Charles A. Csuri: Hand

  • ©1965, Charles A. Csuri





Creation Year:





    119 x 102 cm (47 x 40 in)


Artist Statement:

    The Artwork: A Recording of Decisions Taken

    What is evident and easy for any artist–to draw a smooth line or a three-dimensional opaque origami swallow, showing only those contours perceptible to the observer and hiding the others–is very difficult to realize if you have to atomize those processes into single steps and instruct a computer digit per digit. As Friedrich Nietzsche claimed, we can understand only a universe that we have constructed completely ourselves. Early developers in computer graphics learned slowly to understand the universe of human visual production and perception, at least a small part of it.

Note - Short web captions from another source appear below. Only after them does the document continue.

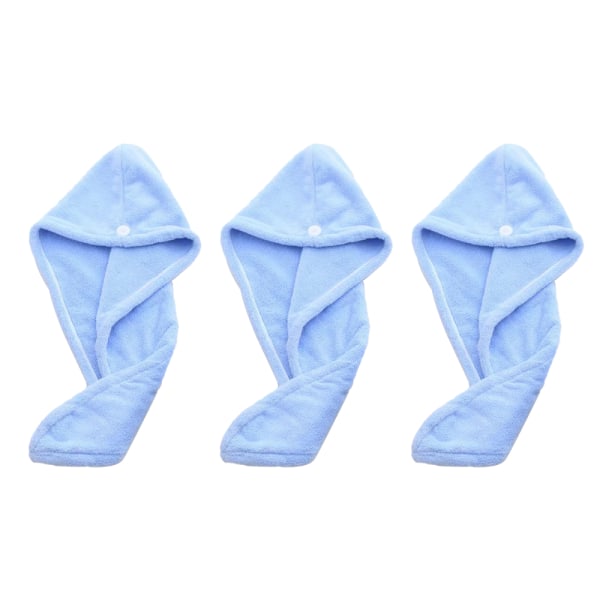 [Förpackning med 3 delar] - Mjuk mikrofiberhårhandduk för vått hår - blue blue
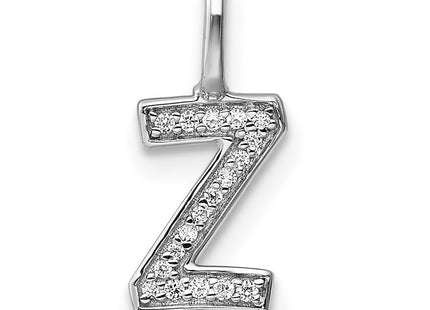 14K White Gold Diamond Letter Z Initial Pendant, 15.03 x 6.21mm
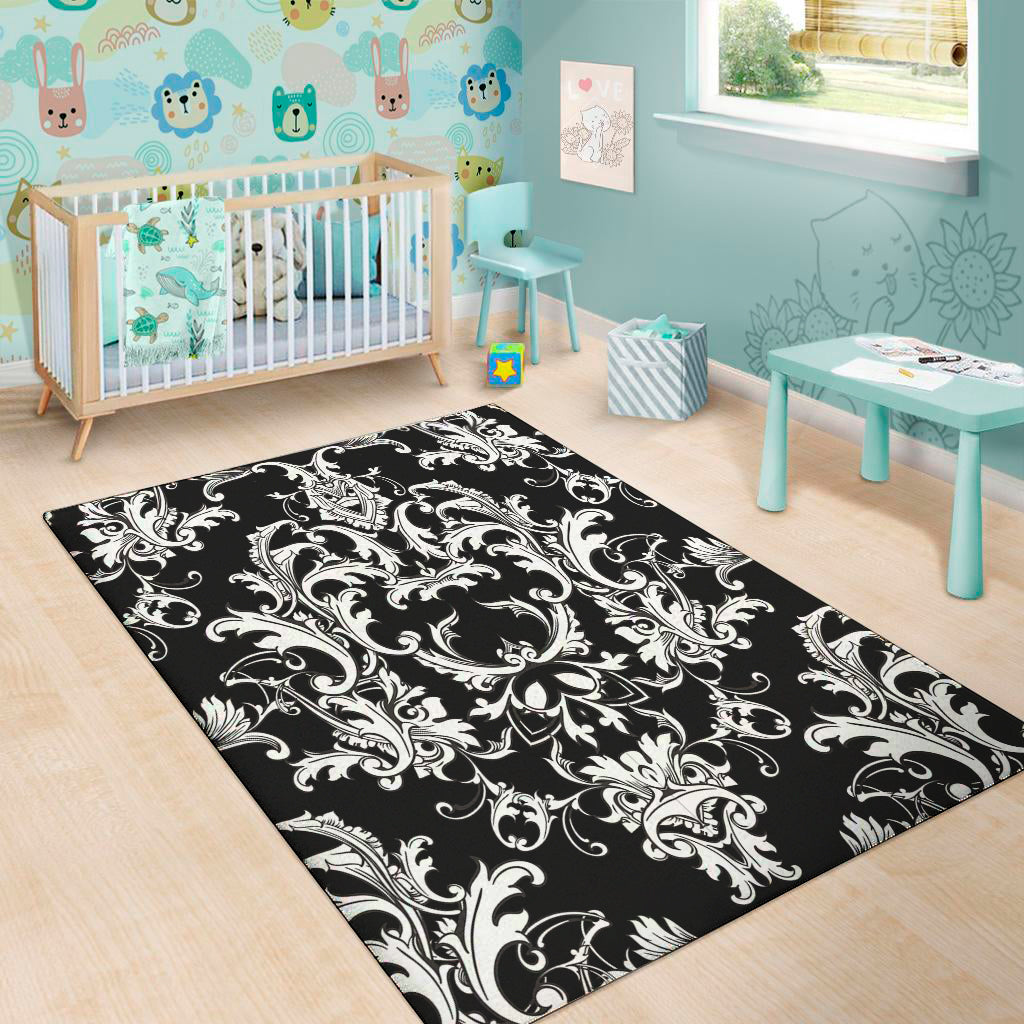 Black And White Damask Pattern Print Area Rug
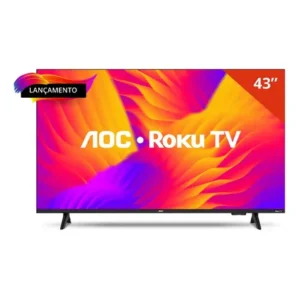 Smart tv 43 aoc led roku full hd wi-fi 60hz hdmi usb 43s5155/78g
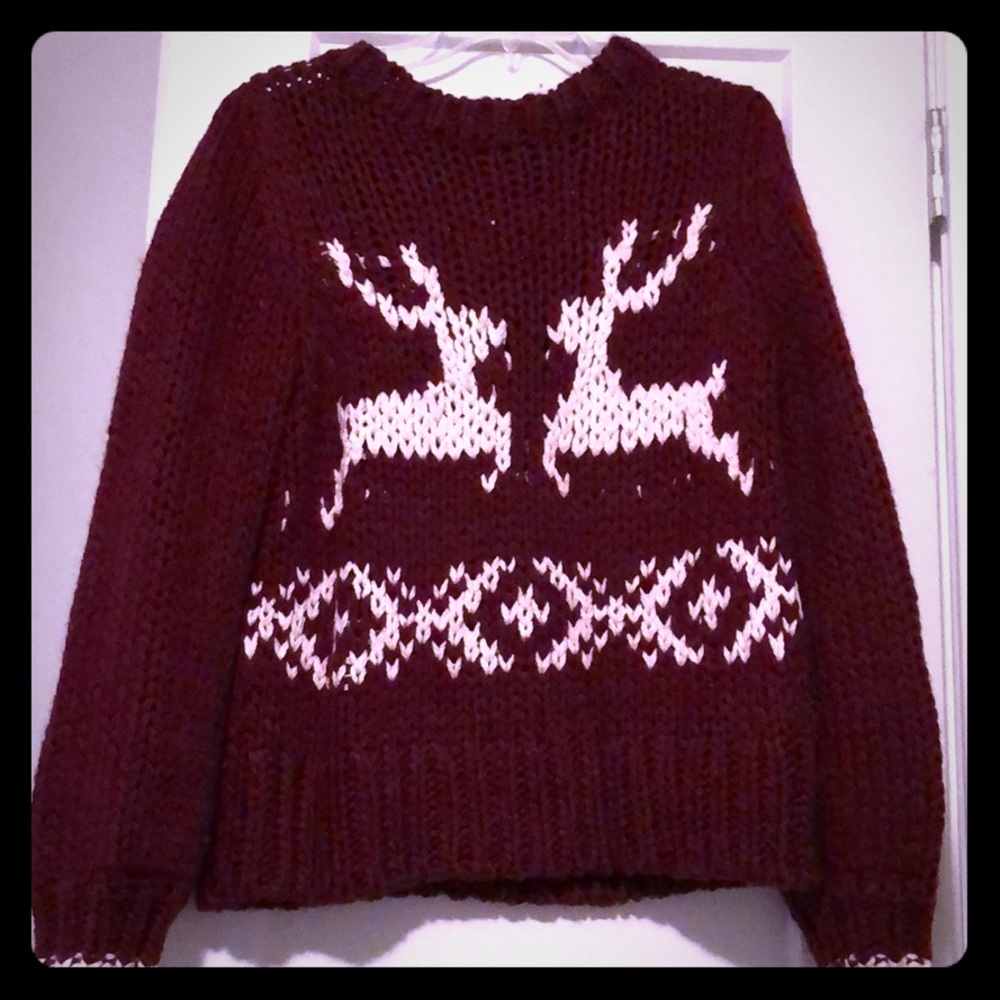 Free People Burgundy Raindeer Sweater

    Charles Csuri took up this task systematically and enhanced the computer as an artistic tool, first working with an IBM 1130, then with a PDP 11/ 45. Constructing a tool presupposes the analysis of the production process. Csuri, the artist, was prepared. He followed up an aesthetic interest rooted in his study with impressionist painters John Hopkins and Hoyt Sherman, who taught him to understand Monet, Cezanne, Braque, and Picasso–an interest in the structure of artworks and the decision­procedures involved in their production. Since the 1960s, Csuri studied the relationship between idea, decision, and physical production, as well as the effects of the art object on the observer. By 1961, he had developed a form of conceptual word poems, anticipating methods of conceptual art that emerged only a few years later. Csuri’s methods allowed him to replace a painting with its verbal description. “The notion of nonvisual cues, such as words, as the art object was of interest to me,” Csuri remembers. Hand, a later example of this series from 1965, offers the observer only the verbal description of a hand, challenging the different modes of information communicable by image and words:

    Here is a hand–
    a hand of a thin, ninety nine
    year old man. The skin is
    pinkish in color and the network
    of veins are clear. The movements
    of his fingers and thumb
    are slow and stiff and one can
    almost hear the crackling of
    joints. His hand is rough in
    texture and feels warm.

    Csuri used words to define an image in the mind of the ob­server. As a programmer, he would use numbers to define images drawn with electrons on the screen of a cathode-ray tube. Words and numbers stepped into the mimetic, painterly depiction of the world.